## DIRECTIONS
Transcribe every line below exactly; no image goes into the output.

## DATA PROVIDED
══════

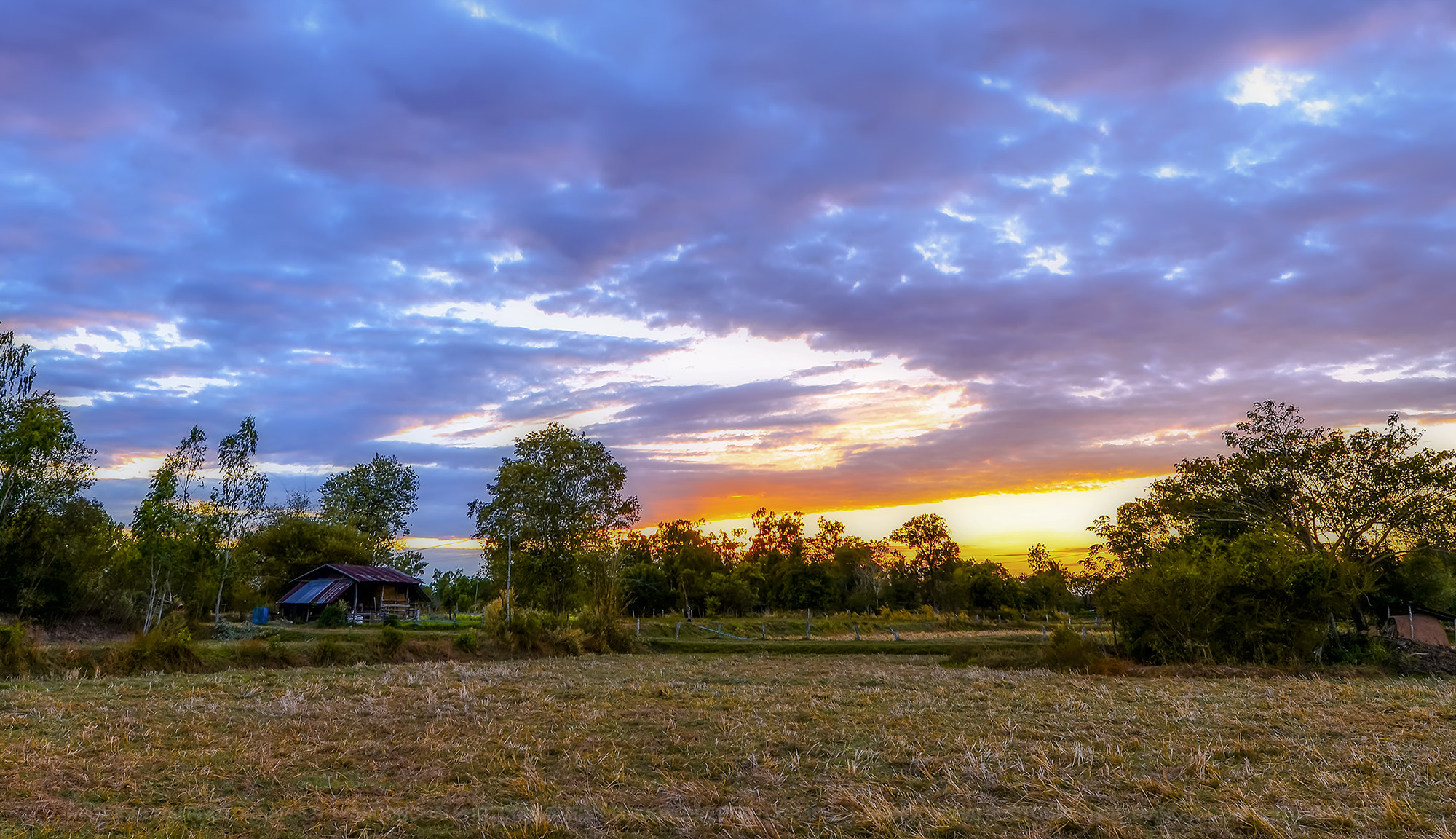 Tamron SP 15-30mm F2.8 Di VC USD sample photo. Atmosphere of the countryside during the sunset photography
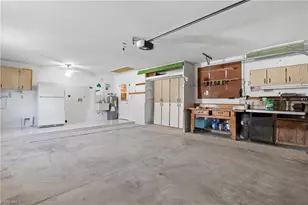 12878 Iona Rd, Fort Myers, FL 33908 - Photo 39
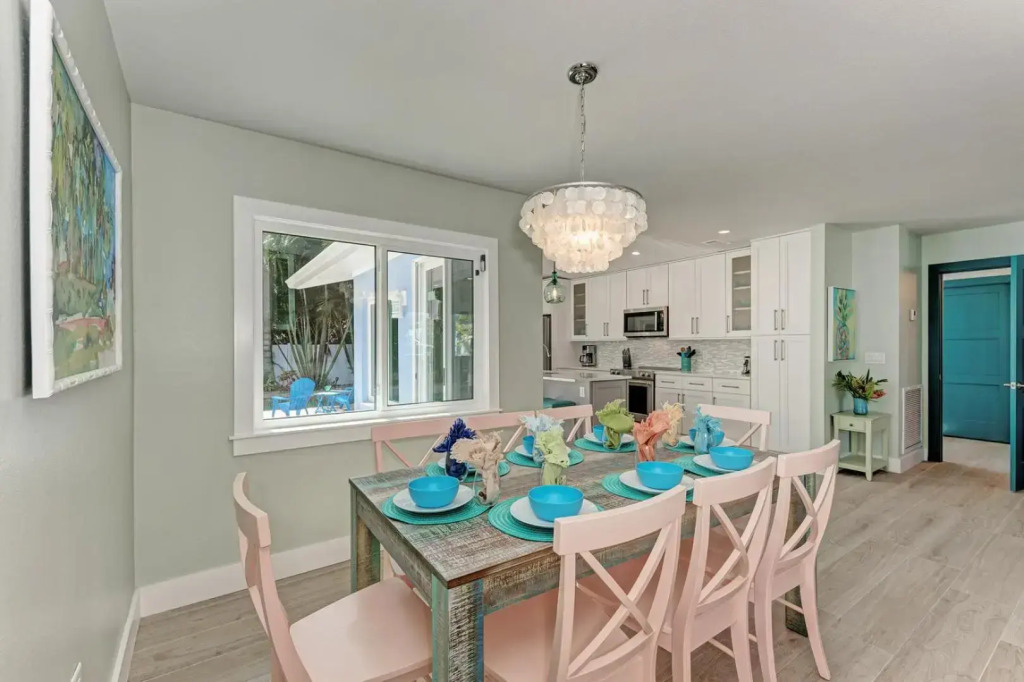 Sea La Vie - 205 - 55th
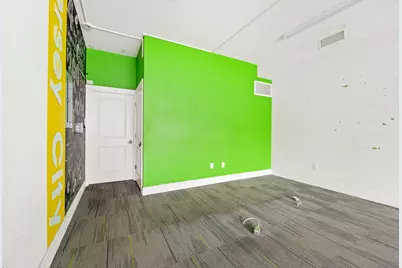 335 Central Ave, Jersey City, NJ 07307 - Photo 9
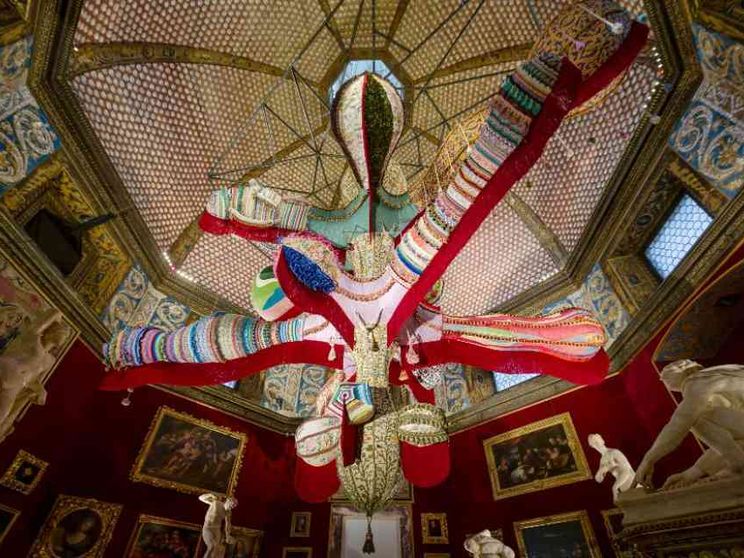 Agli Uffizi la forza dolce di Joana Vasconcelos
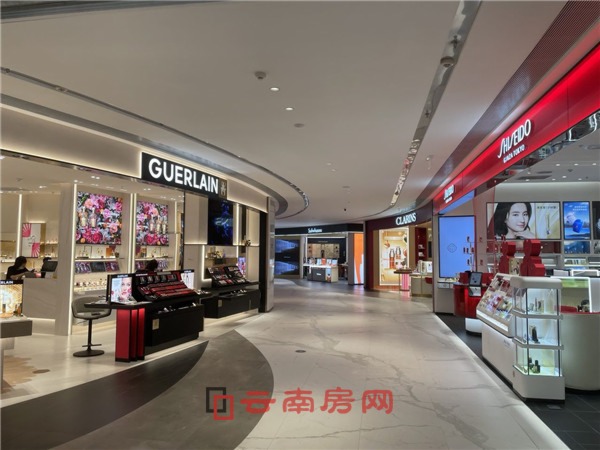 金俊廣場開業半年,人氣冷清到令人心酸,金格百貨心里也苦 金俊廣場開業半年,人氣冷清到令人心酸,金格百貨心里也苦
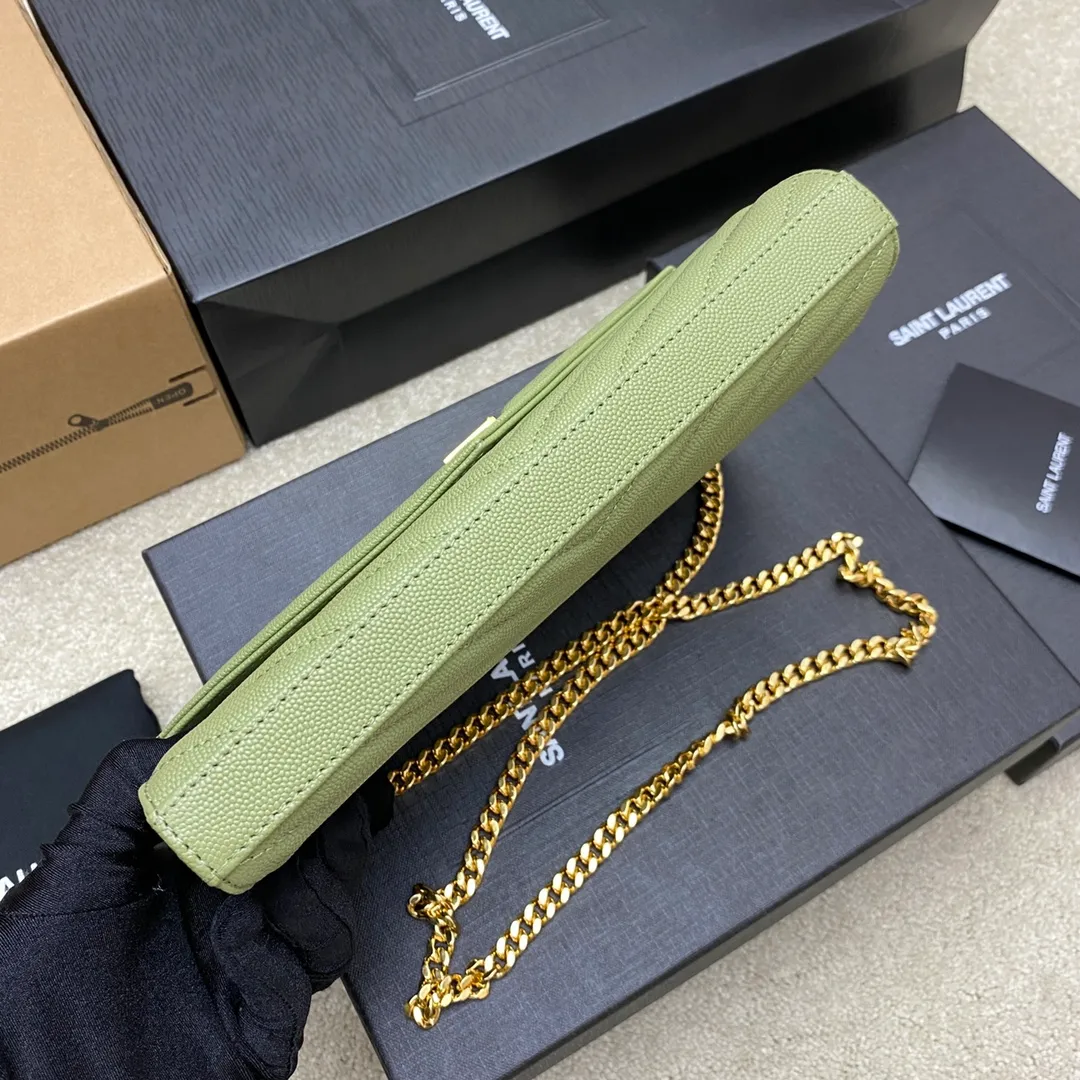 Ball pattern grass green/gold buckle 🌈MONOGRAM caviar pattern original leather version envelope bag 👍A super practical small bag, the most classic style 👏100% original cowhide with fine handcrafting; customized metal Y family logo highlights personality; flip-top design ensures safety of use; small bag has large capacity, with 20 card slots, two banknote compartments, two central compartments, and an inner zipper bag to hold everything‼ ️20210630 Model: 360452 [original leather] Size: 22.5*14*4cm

══════

## FINAL ANSWER
 Tamron SP 15-30mm F2.8 Di VC USD sample photo. Atmosphere of the countryside during the sunset photography
 12878 Iona Rd, Fort Myers, FL 33908 - Photo 39
 Sea La Vie - 205 - 55th
 335 Central Ave, Jersey City, NJ 07307 - Photo 9
 Agli Uffizi la forza dolce di Joana Vasconcelos
 金俊廣場開業半年,人氣冷清到令人心酸,金格百貨心里也苦 金俊廣場開業半年,人氣冷清到令人心酸,金格百貨心里也苦
 Ball pattern grass green/gold buckle 🌈MONOGRAM caviar pattern original leather version envelope bag 👍A super practical small bag, the most classic style 👏100% original cowhide with fine handcrafting; customized metal Y family logo highlights personality; flip-top design ensures safety of use; small bag has large capacity, with 20 card slots, two banknote compartments, two central compartments, and an inner zipper bag to hold everything‼ ️20210630 Model: 360452 [original leather] Size: 22.5*14*4cm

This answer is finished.